*** Opening Source records ***

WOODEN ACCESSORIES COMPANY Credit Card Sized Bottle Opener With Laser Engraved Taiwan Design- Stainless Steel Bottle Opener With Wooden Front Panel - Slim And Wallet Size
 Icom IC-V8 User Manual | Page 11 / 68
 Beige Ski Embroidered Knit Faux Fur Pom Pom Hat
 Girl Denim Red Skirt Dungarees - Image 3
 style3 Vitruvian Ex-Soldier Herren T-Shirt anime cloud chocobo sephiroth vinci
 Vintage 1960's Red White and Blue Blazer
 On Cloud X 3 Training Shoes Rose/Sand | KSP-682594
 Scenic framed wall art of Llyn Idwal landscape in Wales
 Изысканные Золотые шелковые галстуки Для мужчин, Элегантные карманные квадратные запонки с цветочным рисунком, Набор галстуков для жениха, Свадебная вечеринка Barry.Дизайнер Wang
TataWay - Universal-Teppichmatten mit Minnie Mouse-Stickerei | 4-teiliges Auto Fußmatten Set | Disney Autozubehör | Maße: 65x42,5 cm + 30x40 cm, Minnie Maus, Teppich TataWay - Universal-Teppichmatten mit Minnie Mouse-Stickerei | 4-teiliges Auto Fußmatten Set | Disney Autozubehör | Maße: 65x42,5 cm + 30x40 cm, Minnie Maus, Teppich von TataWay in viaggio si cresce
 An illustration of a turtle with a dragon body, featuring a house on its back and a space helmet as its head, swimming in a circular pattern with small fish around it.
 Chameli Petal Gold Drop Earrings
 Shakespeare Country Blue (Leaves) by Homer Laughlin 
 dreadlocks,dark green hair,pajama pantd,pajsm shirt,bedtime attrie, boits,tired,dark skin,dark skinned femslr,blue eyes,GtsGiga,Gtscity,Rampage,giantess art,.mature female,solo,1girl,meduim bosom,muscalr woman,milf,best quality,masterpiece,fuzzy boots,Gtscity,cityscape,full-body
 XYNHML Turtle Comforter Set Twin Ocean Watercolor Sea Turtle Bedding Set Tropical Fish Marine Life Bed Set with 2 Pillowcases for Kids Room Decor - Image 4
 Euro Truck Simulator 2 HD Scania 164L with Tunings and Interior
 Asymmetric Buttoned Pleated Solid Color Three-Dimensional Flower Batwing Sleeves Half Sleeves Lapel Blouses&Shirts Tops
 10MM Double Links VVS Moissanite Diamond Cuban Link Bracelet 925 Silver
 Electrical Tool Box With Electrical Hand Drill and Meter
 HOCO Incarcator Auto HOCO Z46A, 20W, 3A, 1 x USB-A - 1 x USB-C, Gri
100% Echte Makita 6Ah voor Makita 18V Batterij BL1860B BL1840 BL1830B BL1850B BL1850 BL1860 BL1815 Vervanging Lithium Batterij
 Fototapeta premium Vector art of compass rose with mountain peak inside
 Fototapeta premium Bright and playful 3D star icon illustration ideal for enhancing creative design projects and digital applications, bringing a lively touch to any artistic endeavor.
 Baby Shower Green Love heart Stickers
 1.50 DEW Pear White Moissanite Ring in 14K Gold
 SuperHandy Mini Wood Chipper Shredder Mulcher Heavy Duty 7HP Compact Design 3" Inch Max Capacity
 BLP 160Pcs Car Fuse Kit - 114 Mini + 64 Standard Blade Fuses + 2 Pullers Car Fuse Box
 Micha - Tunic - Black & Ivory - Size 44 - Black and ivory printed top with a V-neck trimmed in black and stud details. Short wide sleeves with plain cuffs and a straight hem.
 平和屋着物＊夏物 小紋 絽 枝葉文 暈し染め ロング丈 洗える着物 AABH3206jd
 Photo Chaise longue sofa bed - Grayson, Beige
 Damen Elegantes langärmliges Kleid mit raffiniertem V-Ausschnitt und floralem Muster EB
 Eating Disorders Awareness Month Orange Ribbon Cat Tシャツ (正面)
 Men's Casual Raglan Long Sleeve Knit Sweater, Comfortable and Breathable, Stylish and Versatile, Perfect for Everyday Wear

*** Closing Source records ***

> [Directions for this task]: From the line holding "style3 Vitruvian Ex-Soldier" to the line holding "1.50 DEW Pear", inclusive, restate each line above exactly as written.

> [Solution to this problem]:
 style3 Vitruvian Ex-Soldier Herren T-Shirt anime cloud chocobo sephiroth vinci
 Vintage 1960's Red White and Blue Blazer
 On Cloud X 3 Training Shoes Rose/Sand | KSP-682594
 Scenic framed wall art of Llyn Idwal landscape in Wales
 Изысканные Золотые шелковые галстуки Для мужчин, Элегантные карманные квадратные запонки с цветочным рисунком, Набор галстуков для жениха, Свадебная вечеринка Barry.Дизайнер Wang
TataWay - Universal-Teppichmatten mit Minnie Mouse-Stickerei | 4-teiliges Auto Fußmatten Set | Disney Autozubehör | Maße: 65x42,5 cm + 30x40 cm, Minnie Maus, Teppich TataWay - Universal-Teppichmatten mit Minnie Mouse-Stickerei | 4-teiliges Auto Fußmatten Set | Disney Autozubehör | Maße: 65x42,5 cm + 30x40 cm, Minnie Maus, Teppich von TataWay in viaggio si cresce
 An illustration of a turtle with a dragon body, featuring a house on its back and a space helmet as its head, swimming in a circular pattern with small fish around it.
 Chameli Petal Gold Drop Earrings
 Shakespeare Country Blue (Leaves) by Homer Laughlin 
 dreadlocks,dark green hair,pajama pantd,pajsm shirt,bedtime attrie, boits,tired,dark skin,dark skinned femslr,blue eyes,GtsGiga,Gtscity,Rampage,giantess art,.mature female,solo,1girl,meduim bosom,muscalr woman,milf,best quality,masterpiece,fuzzy boots,Gtscity,cityscape,full-body
 XYNHML Turtle Comforter Set Twin Ocean Watercolor Sea Turtle Bedding Set Tropical Fish Marine Life Bed Set with 2 Pillowcases for Kids Room Decor - Image 4
 Euro Truck Simulator 2 HD Scania 164L with Tunings and Interior
 Asymmetric Buttoned Pleated Solid Color Three-Dimensional Flower Batwing Sleeves Half Sleeves Lapel Blouses&Shirts Tops
 10MM Double Links VVS Moissanite Diamond Cuban Link Bracelet 925 Silver
 Electrical Tool Box With Electrical Hand Drill and Meter
 HOCO Incarcator Auto HOCO Z46A, 20W, 3A, 1 x USB-A - 1 x USB-C, Gri
100% Echte Makita 6Ah voor Makita 18V Batterij BL1860B BL1840 BL1830B BL1850B BL1850 BL1860 BL1815 Vervanging Lithium Batterij
 Fototapeta premium Vector art of compass rose with mountain peak inside
 Fototapeta premium Bright and playful 3D star icon illustration ideal for enhancing creative design projects and digital applications, bringing a lively touch to any artistic endeavor.
 Baby Shower Green Love heart Stickers
 1.50 DEW Pear White Moissanite Ring in 14K Gold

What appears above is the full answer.